A total of 863 anal swab samples were screened for coronaviruses, 34 were positive. BLAST analysis of obtained nucleotide sequences from Sanger sequencing on RNA-dependent RNA polymerase gene identified 17 alphacoronaviruses and 17 betacoronaviruses from different bat hosts.
So far, a total of 11 Sarbecoviruses were processed for whole genome sequencing at IP-Paris. Five full genomes were obtained and published in 2020 (Temmam S. et al., 2020), while another 6 were not completed. Analysis of other remaining alpha and beta coronaviruses will be continued using NGS by the IP-Paris team. Isolation of a total of 14 anal swab samples positive for betacoronaviruses was attempted at IP-Paris, but only one (BANAL-20-236) was successful (Temmam S. et al., 2020).
As shown in the Institut Pasteur du Laos (IPL) annual report in 2021, the closest bat coronaviruses to human SARS-CoV2 were found from samples collected in Feung district. The results showed that Laotian bat-sarbecovirus RBD was able to bind to human ACE2 through modeling and binding experiments, and Pseudoviruses expressing BANAL-20-236 spike could enter into cells expressing human ACE2. Further experiments such as investigating whether Pseudoviruses expressing BANAL-20-236 spike can directly entry into human cells, and pathogenicity of these viruses are warranted. The IP-Paris team will continue to study pathogenicity of BANAL-20-236 using an animal model.
Finally, in collaboration with our virology team, we set up a pilot project on “Investigation and Response to Emerging Viral Pathogens”.
This project aims to build sustainable local capacity in Laos to investigate and respond to emerging zoonotic viral diseases and reduce the threat of potential deliberate use of these novel pathogens.

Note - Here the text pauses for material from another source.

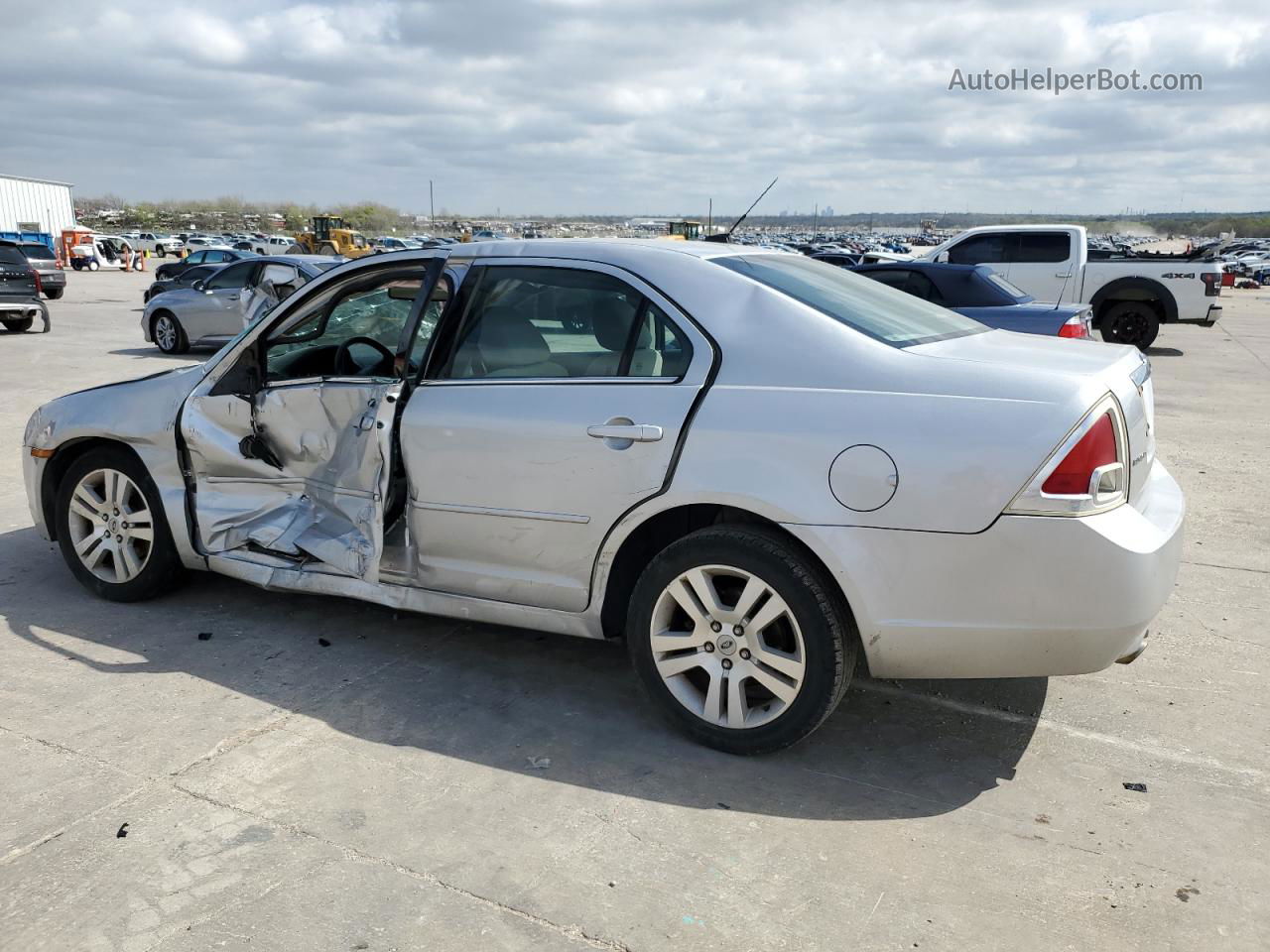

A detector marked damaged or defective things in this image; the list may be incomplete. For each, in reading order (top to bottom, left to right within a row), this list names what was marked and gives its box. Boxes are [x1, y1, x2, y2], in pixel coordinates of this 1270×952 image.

The pilot project will build and foster scientific cooperation between Canada and Laos, and is coimplemented by IPL and the National Microbiology Laboratory of the Public Health Agency of Canada (see full report on the emerging virology laboratory).
Project carried on in the lab:
+Mapping of Vectors and Reservoir Hosts in Laos (Tick Map 5)
+Mapping of Sand fly vectors and related pathogens in Laos.
+Origins, natural reservoirs and Interspecies transmission of SARS-CoV-2 and other SARS-like coronaviruses (ONRITS).